13.06.14 (Tagestipp)

Für die Besteuerung der Renten wird zu Beginn ein Freibetrag festgelegt, der sich an der zu dem Zeitpunkt maßgebenden rentenhöhe orientiert. Dieser Freibetrag bleibt für die gesamte Rentenbezugszeit konstant. Das bedeutet: Steigt die Rente, so ist dieser Betrag gegebenenfalls voll steuerpflichtig, da ja der Freibetrag nicht „mitsteigt“. – Etwas anderes gilt aber dann, wenn eine Witwe oder ein Witwer neben ihrer Witwen-/Witwerrente noch Einkommen hat, das jährlich schwankt. In diesem Fall sinkt oder steigt der zu Beginn der Rente maßgebende (an sich „feste“) Freibetrag im selben Verhältnis, wie die Witwen- beziehungsweise Witwerrente durch die Anrechnung von Einkommen sinkt oder steigt. (Im konkreten Fall betrug der bei Rentenbeginn festgelegte Freibetrag eines Witwers 4.295 € im Jahr.

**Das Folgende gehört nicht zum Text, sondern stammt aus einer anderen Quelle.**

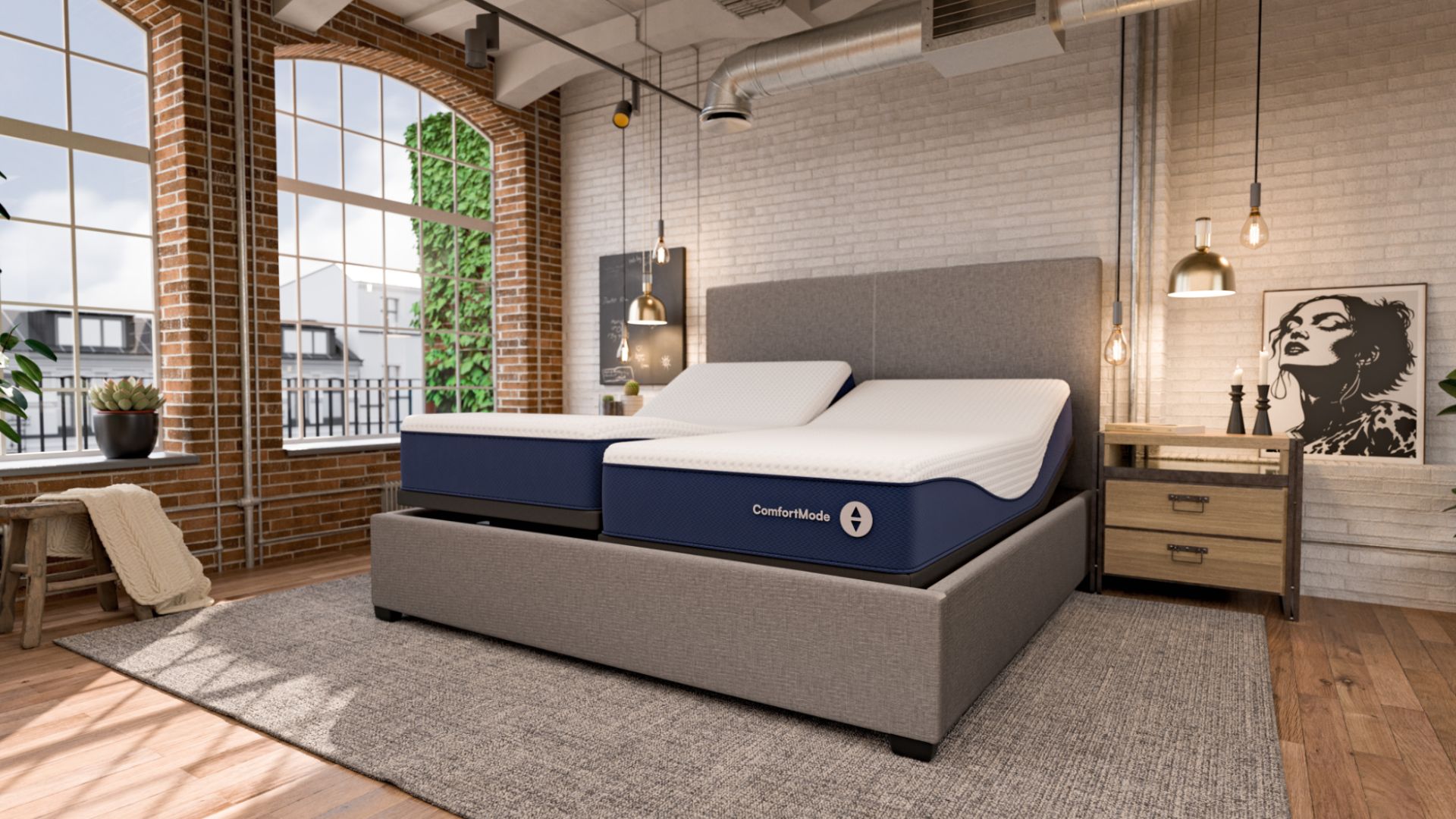 A dual-sided Sleep Number ComfortMode smart bed is shown in a modern, industrial-style bedroom with exposed brick walls and large windows. The bed features two independent mattresses on an adjustable base, with both the head and foot sections slightly elevated. The mattresses have a navy blue base with "ComfortMode" branding and a white, textured top cover. The bed is framed by a grey upholstered headboard and base, set on a grey area rug next to a wooden nightstand with minimalist decor.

Ein Jahr später sank seine Witwerrente, was eine Senkung seines 4.295 €-Freibetrages zur Folge hatte – hier auf 3.203 €. Seine Klage dagegen wurde vom Finanzgericht Köln abgewiesen. Der Freibetrag bleibe laut Gesetz nur unverändert, wenn sich die Rentenhöhe (im Regelfall zur Jahresmitte) durch die Anpassung ändert = regelmäßig erhöht.) (FG Köln, 4 K 2322/10 vom 23.10.2013)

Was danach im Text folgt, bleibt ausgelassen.